The revelation raises new questions about the completeness of financial
disclosures by the huge conglomerate, which has come under close investor
scrutiny in recent weeks for its complex accounting practices.
Although Tyco says its disclosures have been adequate, the company late
last week sent a special alert to its
investors giving new details about
its unannounced acquisitions after questioned about them for this article.
The alert, which gave fresh information about last year but not the full
three-year period, revealed that Tyco paid $4.19 billion in cash for unannounced
deals in the year ended Sept. 30, 2001, or about 37% of the $11.3 billion
in cash it spent on all deals.
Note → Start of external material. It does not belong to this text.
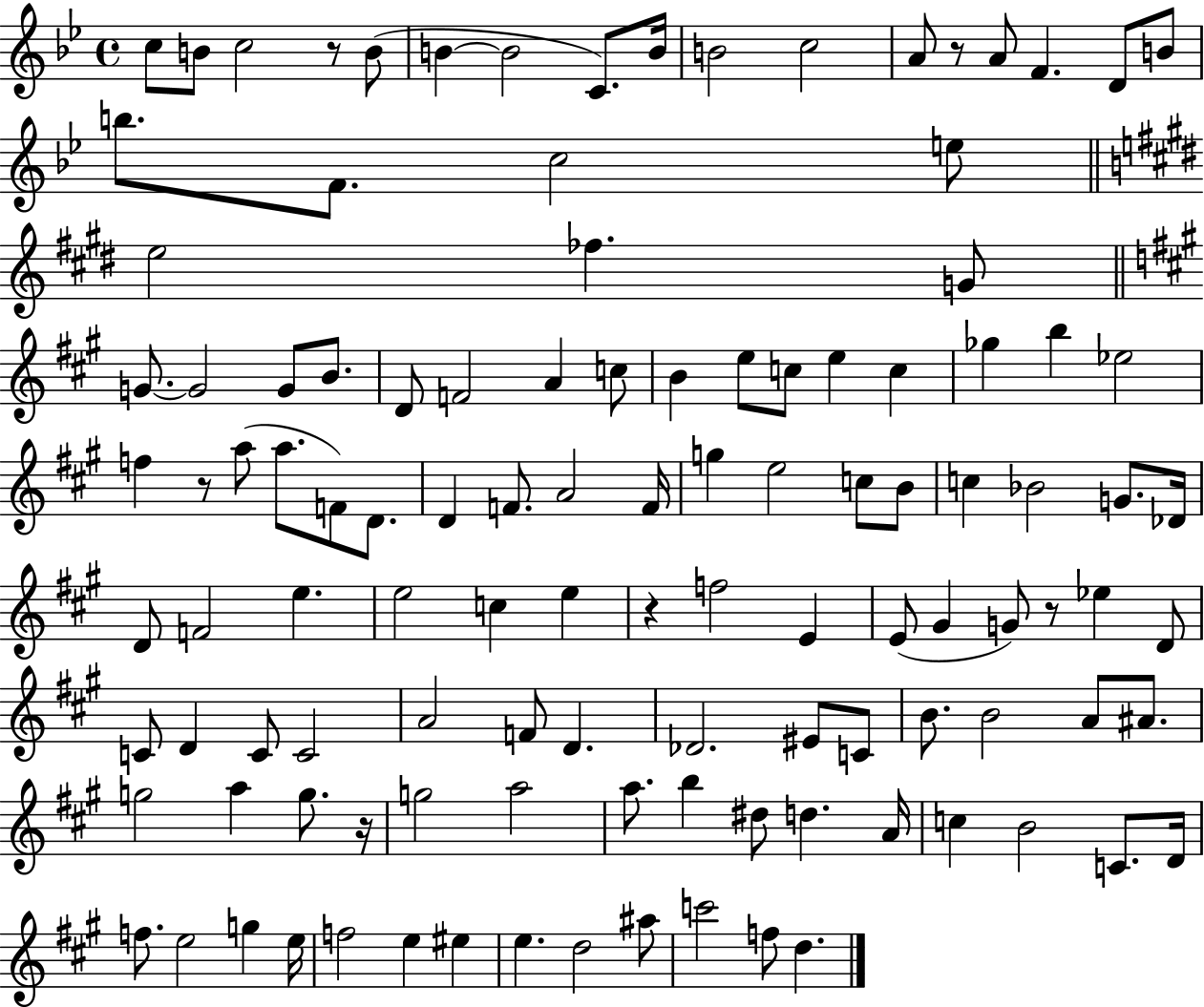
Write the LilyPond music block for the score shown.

The company said separately that it made
350 unannounced acquisitions in that year.
Investors have raised the issue in recent days as they pore over the company's financial statements, in part trying to figure out why debt has grown so rapidly as Tyco has reported generating billions of dollars annually in free cash flow.
Tyco's debt attributable to its industrial businesses nearly doubled during its most recent fiscal year, to $21.6 billion, even as it said it had $4.8 billion in free cash flow, which it defines as cash flow from operations minus capital expenditures and dividends. The company added an additional $3 billion in debt in its first quarter ended Dec. 31, in part because of $1.3 billion in new unannounced deals.
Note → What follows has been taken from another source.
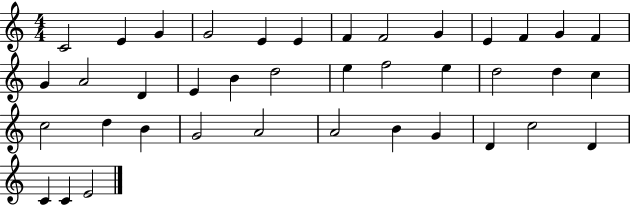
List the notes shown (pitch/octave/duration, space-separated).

C4/h E4/q G4/q G4/h E4/q E4/q F4/q F4/h G4/q E4/q F4/q G4/q F4/q G4/q A4/h D4/q E4/q B4/q D5/h E5/q F5/h E5/q D5/h D5/q C5/q C5/h D5/q B4/q G4/h A4/h A4/h B4/q G4/q D4/q C5/h D4/q C4/q C4/q E4/h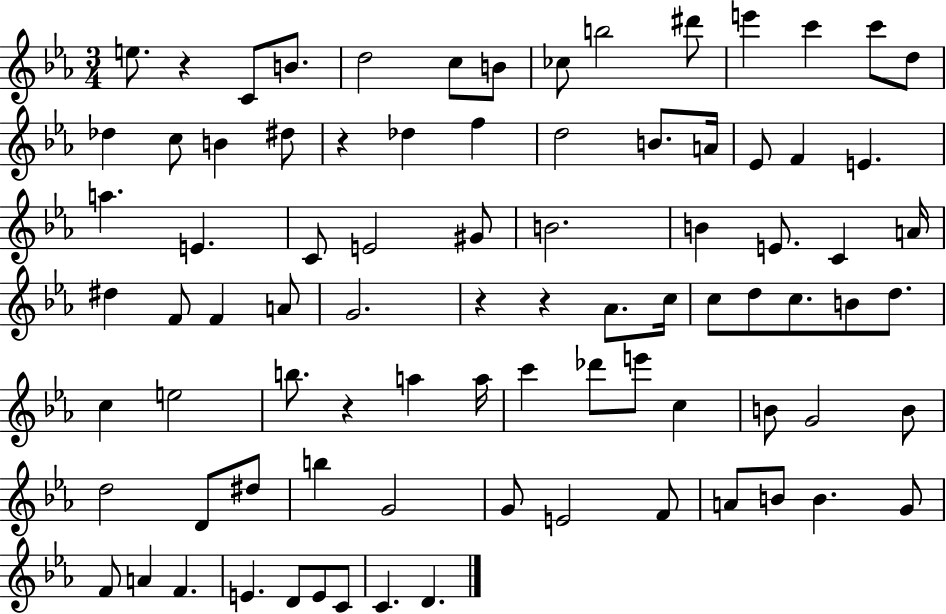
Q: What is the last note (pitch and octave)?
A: D4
Mark Swartz, Tyco's chief financial officer, said the company clearly states in its financial filings the "net" amount of cash it paid for all acquisitions, a number that includes the hundreds of unannounced deals. He said the company doesn't disclose details on its numerous smaller deals because they aren't "material" given Tyco's huge size.
When asked about earlier years, Mr. Swartz said Tyco paid about $2.3 billion for 225 unannounced deals in fiscal 2000, and roughly $1.5 billion for between 150 and 175 companies in fiscal 1999.
Mr. Swartz agreed that it would be impossible for an investor to discern the amounts it spent on unannounced deals, because Tyco doesn't provide a crucial piece of information in its regulatory filings: the amount of cash on the balance sheets in companies it acquires. Tyco subtracts that amount from its total acquisition spending to get the "net" figure, but calculating the unannounced deals requires it to be added back. "You could fault me for that," Mr. Swartz said, adding that the company may include that extra detail in future financial filings.
J. Edward Ketz, professor of accounting at Penn State University's Smeal College of Business, said Tyco's acquisition disclosures seem to be adequate under generally accepted accounting principles. But he said the $4.2 billion in unannounced deals during 2001 is a "big number" that investors probably would want to know about directly, or have a way to calculate. "They could do more to make it more transparent," Mr. Ketz added, especially in "these post-Enron days when companies are trying to restore the confidence of shareholders."